Implementing a dimensional data warehouse with Databricks SQL: Part 1

Defining the data objects

Updated: May 28, 2025

Published: February 27, 2025

by Bryan Smith, Lorenz Verzosa, Krishna Satyavarapu, Peyman Mohajerian and Jesse Heravi

Summary

Implement dimensional data warehouses in Databricks SQL to optimize for fast query performance.
The physical model structure in Databricks SQL, including creating dimension and fact tables, is done with SQL CREATE TABLE statements.
It is important to add descriptive comments to tables and columns for better metadata management.

More and more organizations are moving their data warehouse workloads to Databricks. The platform's elastic nature and significant enhancements to its query execution engine have allowed Databricks to set world records for both data warehouse query performance and cost performance, making it an increasingly appealing option for analytics infrastructure consolidation.

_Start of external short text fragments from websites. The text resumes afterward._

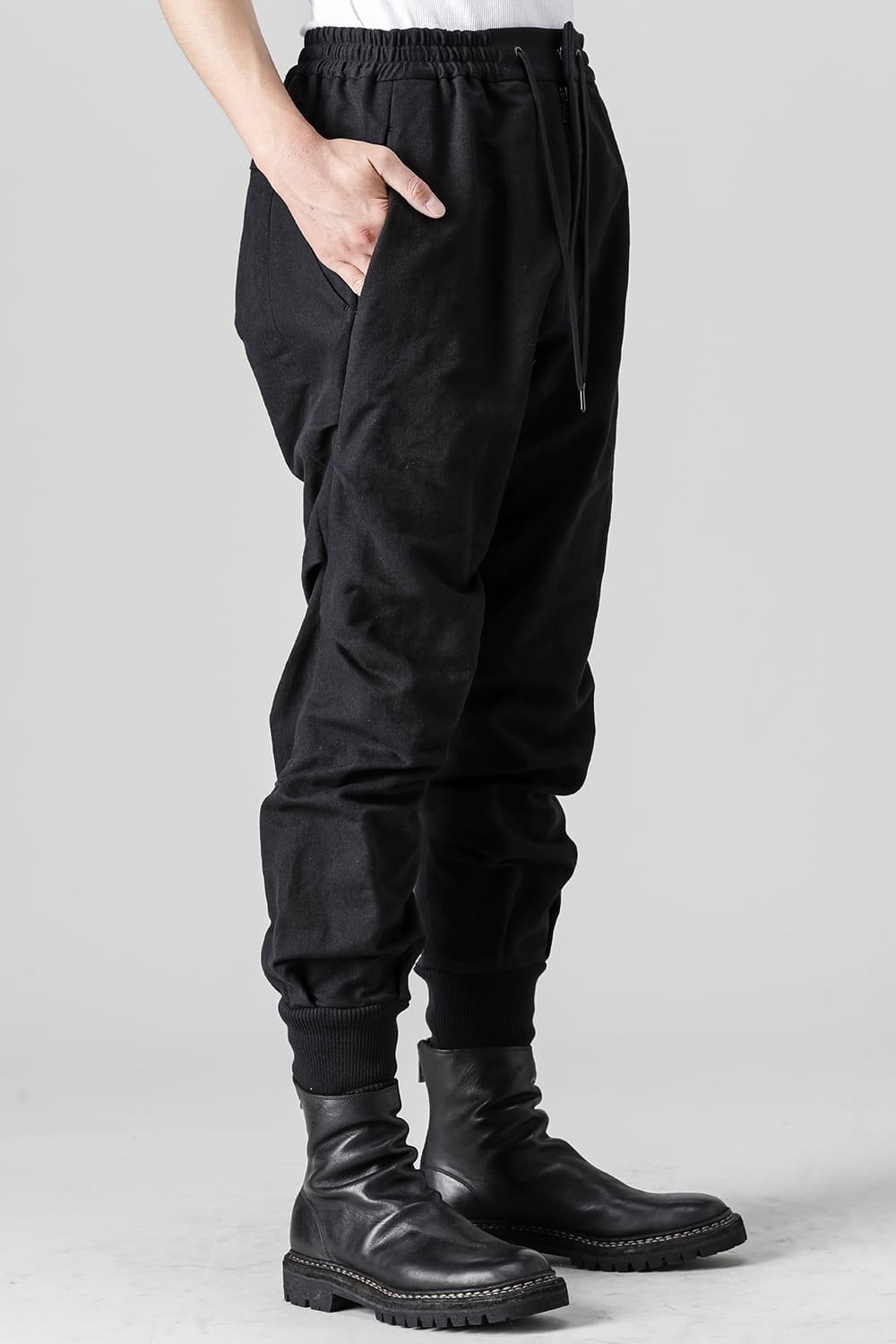 Jogger pants cotton / line Black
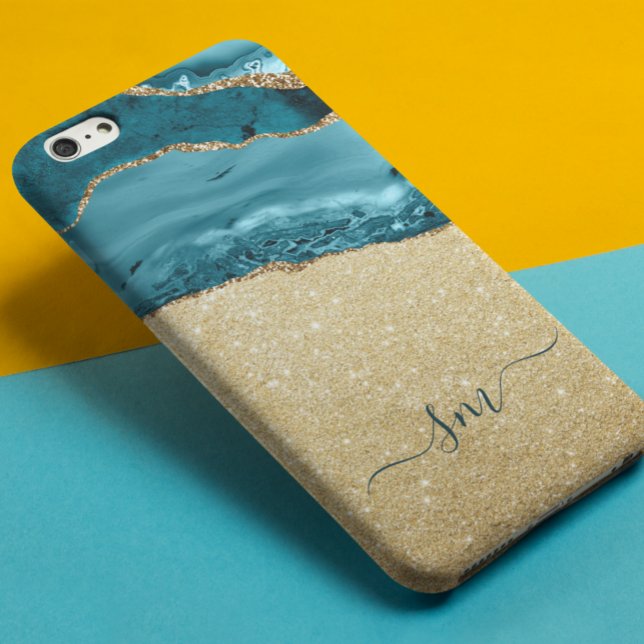 Coques Case-Mate iPhone Agate Bleu turquoise Monogramme Script Pierre Or (Créateur téléchargé)
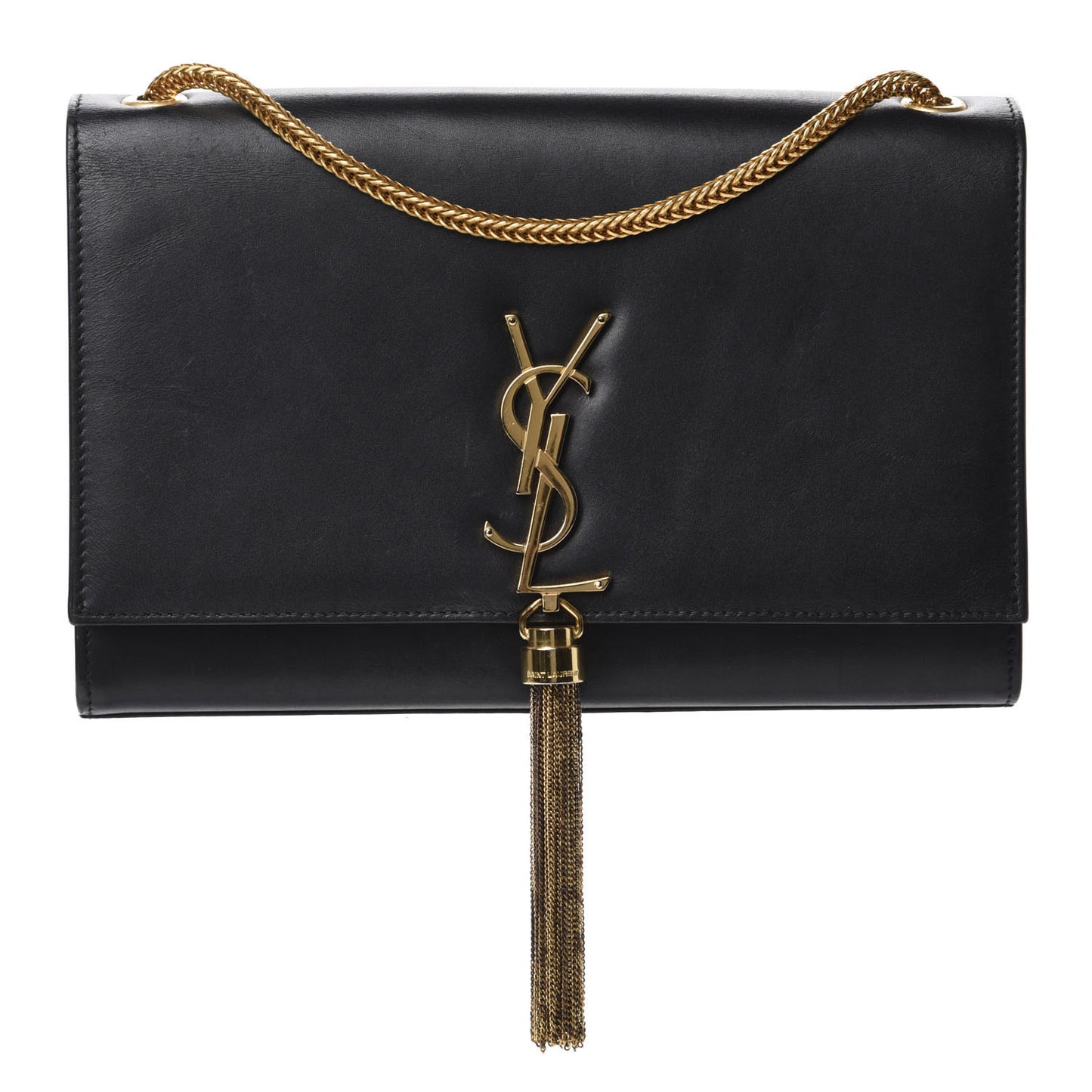 Smooth Calfskin Medium Classic Monogram Kate Tassel Satchel Black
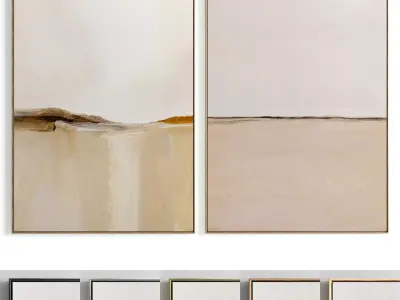 Plaster Two Photo Frame 166 Low-poly 3D model
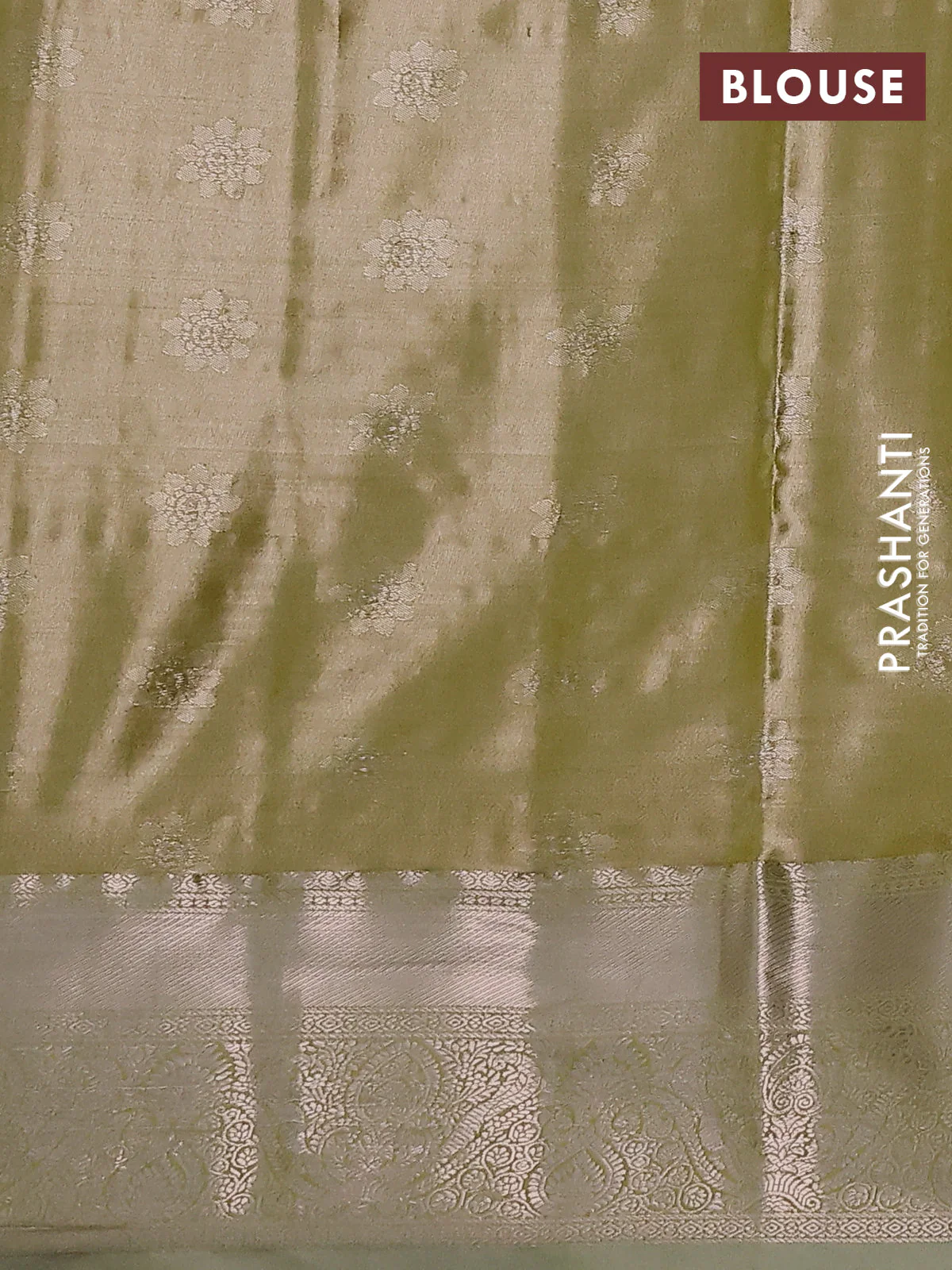 Bangalori tissue silk saree peach shade and light green with silver zari woven brocade weaves and zari woven border - Image 3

To support these efforts, we’ve previously blogged about how Databricks support various data warehouse design approaches. In this blog series, we want to take a closer look at one of the most popular approaches to data warehousing, dimensional modeling, a design pattern characterized by star- and snowflake schemas, and dive deep into the standardized extraction, transformation and loading (ETL) patterns widely adopted in support of this approach.

To make this widely accessible to the dimensional modeling community, we will adhere closely to the classic patterns associated with this modeling approach. This information will be spread across the following blog posts:

Part 1: Defining the (Dimensional) Data Objects (this post)
Part 2: Building the Dimension ETL Workflows
Part 3: Building the Fact ETL Workflows

In addition, we will center our design discussions around one of the more commonly used star schemas (Figure 1) in the AdventureWorksDW database, a sample database created by Microsoft and widely used for data warehouse and Business Intelligence training purposes.

adventureWorks_model — **Figure 1.** The logical model for the Internet Sales fact as defined within the AdventureWorksDW database

What is dimensional modeling in data warehousing?

Dimensional modeling optimizes data storage for fast query performance. By structuring data into facts and dimensions, you can easily analyze data from multiple perspectives. It also enables you to explore data from various angles simultaneously (multidimensional analysis).

What are the four dimensions of a data warehouse?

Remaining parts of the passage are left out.